Authority sources used
Outbound links are included for verification and entity authority, not decoration. Every claim on this page traces back to one of these.
- IMF Executive Board Approves New 40-Month US$1.4 Billion EFF Arrangement for El SalvadorInternational Monetary Fund
- El Salvador's Bitcoin Law Changes To Secure IMF FundingDecrypt
- El Salvador Ends Mandatory Bitcoin Acceptance for Merchantscrypto.news
- El Salvador's Legislative Assembly Approves Reform to Income Tax Law, Exempting Foreign-Source IncomeEY (Ernst & Young)
- Blockchain & Crypto-Assets 2026 — El SalvadorChambers and Partners
FAQ
Is Bitcoin still legal tender in El Salvador in 2026?
It's complicated. Bitcoin is still fully legal to use for any transaction and remains tied to the 2021 Bitcoin Law, but the part of 'legal tender' that mattered most — mandatory merchant acceptance — was removed in February 2025 under an IMF loan condition. No business can be forced to take Bitcoin anymore, and taxes must be paid in US dollars only. Legal commentators are genuinely split on whether to call this 'losing' legal tender status or just losing its enforcement mechanism. Either way, using BTC in El Salvador is completely legal — it's just no longer compulsory for merchants to accept it.

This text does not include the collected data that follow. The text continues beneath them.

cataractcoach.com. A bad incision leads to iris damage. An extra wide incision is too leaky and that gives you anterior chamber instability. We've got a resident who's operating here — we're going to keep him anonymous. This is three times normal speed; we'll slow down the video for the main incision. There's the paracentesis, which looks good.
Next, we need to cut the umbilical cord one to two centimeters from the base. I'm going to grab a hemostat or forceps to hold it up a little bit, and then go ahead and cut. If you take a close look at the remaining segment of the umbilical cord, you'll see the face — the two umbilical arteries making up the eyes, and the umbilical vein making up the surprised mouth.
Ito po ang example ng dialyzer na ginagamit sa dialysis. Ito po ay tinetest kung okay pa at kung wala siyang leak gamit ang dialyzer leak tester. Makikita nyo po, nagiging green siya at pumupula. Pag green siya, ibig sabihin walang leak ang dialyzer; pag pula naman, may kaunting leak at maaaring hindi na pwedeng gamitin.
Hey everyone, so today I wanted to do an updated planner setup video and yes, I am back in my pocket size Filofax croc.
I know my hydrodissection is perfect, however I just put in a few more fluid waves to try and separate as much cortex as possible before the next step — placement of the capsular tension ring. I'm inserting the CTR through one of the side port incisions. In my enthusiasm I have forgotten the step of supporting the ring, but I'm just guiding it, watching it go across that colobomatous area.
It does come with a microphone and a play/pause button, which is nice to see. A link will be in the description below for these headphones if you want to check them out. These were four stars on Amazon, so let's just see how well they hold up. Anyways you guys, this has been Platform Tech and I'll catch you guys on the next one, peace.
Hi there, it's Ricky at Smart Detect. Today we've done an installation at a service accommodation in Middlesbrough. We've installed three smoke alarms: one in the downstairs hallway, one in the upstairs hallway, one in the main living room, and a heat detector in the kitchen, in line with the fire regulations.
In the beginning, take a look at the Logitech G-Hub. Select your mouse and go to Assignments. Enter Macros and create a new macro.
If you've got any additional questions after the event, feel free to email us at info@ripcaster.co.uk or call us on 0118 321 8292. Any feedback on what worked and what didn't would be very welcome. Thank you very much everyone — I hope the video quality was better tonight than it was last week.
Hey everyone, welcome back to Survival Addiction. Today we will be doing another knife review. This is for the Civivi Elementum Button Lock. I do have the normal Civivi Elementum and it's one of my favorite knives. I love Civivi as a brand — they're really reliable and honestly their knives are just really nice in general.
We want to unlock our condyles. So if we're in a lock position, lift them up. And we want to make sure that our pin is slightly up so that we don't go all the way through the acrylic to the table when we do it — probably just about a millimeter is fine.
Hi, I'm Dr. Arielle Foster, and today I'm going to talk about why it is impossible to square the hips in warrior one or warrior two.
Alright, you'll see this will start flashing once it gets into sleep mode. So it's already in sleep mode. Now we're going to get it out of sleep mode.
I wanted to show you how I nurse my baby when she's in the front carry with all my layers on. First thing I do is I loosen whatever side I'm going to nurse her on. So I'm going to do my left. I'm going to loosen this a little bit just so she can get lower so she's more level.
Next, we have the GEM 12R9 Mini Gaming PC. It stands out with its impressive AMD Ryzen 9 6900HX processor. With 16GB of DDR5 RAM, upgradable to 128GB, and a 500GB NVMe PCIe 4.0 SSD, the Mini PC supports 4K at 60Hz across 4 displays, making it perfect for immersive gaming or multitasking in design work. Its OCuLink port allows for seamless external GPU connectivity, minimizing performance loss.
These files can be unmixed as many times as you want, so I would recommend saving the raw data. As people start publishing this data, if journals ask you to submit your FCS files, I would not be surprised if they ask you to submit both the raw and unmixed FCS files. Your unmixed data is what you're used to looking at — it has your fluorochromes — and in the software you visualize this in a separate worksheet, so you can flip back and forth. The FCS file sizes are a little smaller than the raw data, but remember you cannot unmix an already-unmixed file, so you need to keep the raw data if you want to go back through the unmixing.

Do I have to pay tax on Bitcoin profits if I live in or visit El Salvador?
El Salvador charges 0% capital gains tax on Bitcoin transactions under the Bitcoin Law, and a 2024 reform extended similar 0% treatment to foreign-source income more broadly. But that only covers what El Salvador itself taxes — it doesn't erase your obligations back home. If you're a US citizen, for instance, you still owe the IRS on your worldwide crypto gains no matter where you traded.
Can I still use the Chivo wallet to buy Bitcoin in El Salvador?
Technically yes, but it's not a durable long-term option. Chivo is the government's original 2021 wallet, and under the IMF program the state is gradually unwinding or privatizing its role in it. It now requires full identity verification and offers no signup bonuses. Anyone starting fresh is generally better served by a CNAD-licensed private provider.